Just before lunch Mr. Pettigrew came from the solicitors’ office, small and pale and very neat. He offered his condolences and assured them that everything legal was in order—and that he had been given no papers to keep recently. In fact, not anything this year. A couple of bonds in August of 1913 were the last things. He did not yet mention the will, but they knew it would have to be dealt with in time.

The bank manager, the doctor, and other neighbors called in or left flowers and cards. Nobody knew what to say, but it was done in kindness. Judith offered them tea, and sometimes it was accepted and awkward conversations followed.

In the early afternoon Albert Appleton drove Joseph to the railway station at Cambridge to meet Hannah’s train from London. Joseph sat beside him in the front of Matthew’s Sunbeam Talbot as they followed the lanes between the late wild roses and the ripening fields of corn already dappled here and there with the scarlet of poppies.

Albert kept his eyes studiously on the road. He looked tired, his skin papery under its dark sunburn, and he had missed a little gray stubble on his cheek when he had shaved this morning. He was not a man to give words to grief, but he had come to St. Giles at eighteen and served John Reavley all his adult life. For him this was the ending of an age.

“Do you know why Father drove himself yesterday?” Joseph asked as they passed into the shade under an avenue of elms.

“No, Mr. Joseph,” Albert replied. It would be a long time before he called Joseph “Mr. Reavley,” if he ever did. “Except there’s a branch on the old plum tree in the orchard hanging low, an’ tossled in the grass. He wanted me to see if Oi could save it. Oi propped it up, but that don’t always work. Get a bit o’ wind an’ it goes anyway, but it tears it off rough. Leaves a gash in the trunk, an’ kill the whole thing. Get a bit parky an’ the frost’ll have it anyway.”

“I see. Can you save it?”

“Best to take it off.”

“Do you know why Mother went with him?”

“Jus’ liked to go with him, mebbe.” He stared fixedly ahead.

Joseph did not speak again until they reached the station. Albert had always been someone with whom it was possible to sit in amicable silence, ever since Joseph had been a boy nursing his dreams in the garden or the orchard.

Albert parked the car outside the station and Joseph went in and onto the platform to wait. There were half a dozen other people there, but he studiously avoided meeting anyone’s eye in case he encountered someone he knew. The last thing he wanted was conversation.

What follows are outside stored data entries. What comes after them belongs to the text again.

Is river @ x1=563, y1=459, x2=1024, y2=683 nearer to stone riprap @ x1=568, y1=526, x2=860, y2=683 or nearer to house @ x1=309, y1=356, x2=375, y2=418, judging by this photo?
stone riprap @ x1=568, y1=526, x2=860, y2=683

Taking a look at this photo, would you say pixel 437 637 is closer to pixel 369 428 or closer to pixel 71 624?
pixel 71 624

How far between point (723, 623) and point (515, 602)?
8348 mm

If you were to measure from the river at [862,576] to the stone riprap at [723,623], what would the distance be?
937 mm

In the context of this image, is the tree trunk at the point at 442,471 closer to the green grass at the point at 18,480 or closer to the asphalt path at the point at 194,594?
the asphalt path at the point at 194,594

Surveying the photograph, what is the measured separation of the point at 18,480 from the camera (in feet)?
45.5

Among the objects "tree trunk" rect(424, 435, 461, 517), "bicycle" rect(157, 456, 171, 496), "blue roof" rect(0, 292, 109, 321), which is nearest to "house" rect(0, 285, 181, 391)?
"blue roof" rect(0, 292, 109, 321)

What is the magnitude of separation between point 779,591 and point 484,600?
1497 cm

The train was on time, belching steam and grinding to a halt at the platform. The doors clanged open. People shouted greetings and fumbled with baggage. He saw Hannah almost immediately. The few other women were in bright summer colors or delicate pastels. Hannah was in a slim traveling suit of unrelieved black. The tapered hem at her ankles was smudged with dust, and her neat hat was decorated with black feathers. Her face was pale, and with her wide brown eyes and soft features she looked so like Alys that for a moment Joseph felt his emotions lurch out of control and grief engulf him unbearably. He stood motionless as people pushed past him, unable to think or even focus his vision.

Then she was in front of him, portmanteau clutched in her hand and tears spilling down her cheeks. She dropped the bag on the platform and waited for him.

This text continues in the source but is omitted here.